THE TASK >> Up to and including the line with "So yeah this", return every line from the start of the entries below exactly.

DATA EXCERPTS >>
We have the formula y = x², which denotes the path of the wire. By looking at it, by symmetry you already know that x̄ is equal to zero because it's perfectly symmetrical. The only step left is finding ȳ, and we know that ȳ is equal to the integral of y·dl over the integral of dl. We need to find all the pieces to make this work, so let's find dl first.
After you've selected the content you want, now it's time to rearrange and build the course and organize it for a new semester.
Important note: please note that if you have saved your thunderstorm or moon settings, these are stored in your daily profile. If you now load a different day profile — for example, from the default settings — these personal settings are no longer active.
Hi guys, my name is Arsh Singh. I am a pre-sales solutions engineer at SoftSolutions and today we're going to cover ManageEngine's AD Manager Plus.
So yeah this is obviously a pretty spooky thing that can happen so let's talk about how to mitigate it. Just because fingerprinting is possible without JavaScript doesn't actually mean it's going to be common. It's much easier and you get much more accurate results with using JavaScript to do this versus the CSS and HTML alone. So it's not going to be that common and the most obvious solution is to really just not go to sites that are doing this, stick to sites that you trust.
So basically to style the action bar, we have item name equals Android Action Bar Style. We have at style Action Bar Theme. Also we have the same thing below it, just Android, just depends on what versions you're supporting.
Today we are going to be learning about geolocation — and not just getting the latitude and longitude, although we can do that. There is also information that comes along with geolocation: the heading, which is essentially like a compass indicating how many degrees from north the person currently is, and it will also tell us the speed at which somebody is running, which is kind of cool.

YOUR SOLUTION >>
We have the formula y = x², which denotes the path of the wire. By looking at it, by symmetry you already know that x̄ is equal to zero because it's perfectly symmetrical. The only step left is finding ȳ, and we know that ȳ is equal to the integral of y·dl over the integral of dl. We need to find all the pieces to make this work, so let's find dl first.
After you've selected the content you want, now it's time to rearrange and build the course and organize it for a new semester.
Important note: please note that if you have saved your thunderstorm or moon settings, these are stored in your daily profile. If you now load a different day profile — for example, from the default settings — these personal settings are no longer active.
Hi guys, my name is Arsh Singh. I am a pre-sales solutions engineer at SoftSolutions and today we're going to cover ManageEngine's AD Manager Plus.
So yeah this is obviously a pretty spooky thing that can happen so let's talk about how to mitigate it. Just because fingerprinting is possible without JavaScript doesn't actually mean it's going to be common. It's much easier and you get much more accurate results with using JavaScript to do this versus the CSS and HTML alone. So it's not going to be that common and the most obvious solution is to really just not go to sites that are doing this, stick to sites that you trust.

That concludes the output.